The 1994 Midwestern Collegiate Conference baseball tournament took place in May 1994, near the close of the 1994 NCAA Division I baseball season. All six of the league's teams met in the double-elimination tournament held at Frank Eck Stadium on the campus of Notre Dame in Notre Dame, Indiana. Top seeded won their fifth league championship, also their fourth in a row. They qualified for the 1994 NCAA Division I baseball tournament.

==Seeding and format==
The league's teams are seeded one through six based on winning percentage, using conference games only. The top seed plays the sixth seed while the second seed plays the fifth seed and the third seed plays the fourth in the opening round.

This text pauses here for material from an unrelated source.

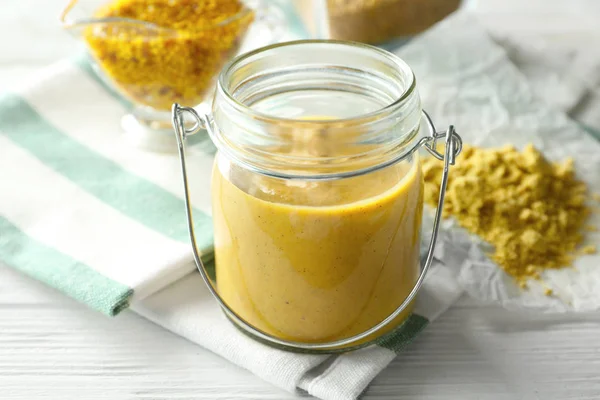 Glazen pot met heerlijke mosterdsaus — Stockfoto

| Team | W | L | PCT | GB | Seed |
|---|---|---|---|---|---|
| Notre Dame | 14 | 4 | .778 | — | 1 |
| Butler | 11 | 8 | .579 | 3.5 | 2 |
| Evansville | 10 | 5 | .556 | 4 | 3 |
| Detroit | 10 | 10 | .500 | 5 | 4 |
| Xavier | 5 | 10 | .333 | 7.5 | 5 |
| La Salle | 3 | 13 | .188 | 10 | 6 |

==All-Tournament Team==
The following players were named to the All-Tournament Team.

| Pos | Name | School |
| P | Tom Price | Notre Dame |
| C | Bill McCann | Detroit |
| 1B | Mike Pauldine | Detroit |
| 2B | Aaron Devlin | Evansville |
| 3B | Matt Haas | Notre Dame |
| SS | Paul Failla | Notre Dame |
| OF | Bryan Apolskis | Evansville |
| Scott Sollmann | Notre Dame |
| Ryan Topham | Notre Dame |
| DH | Jamie Lopiccolo | Detroit |

===Most Valuable Player===
Tom Price of Notre Dame was named Most Valuable Player of the Tournament.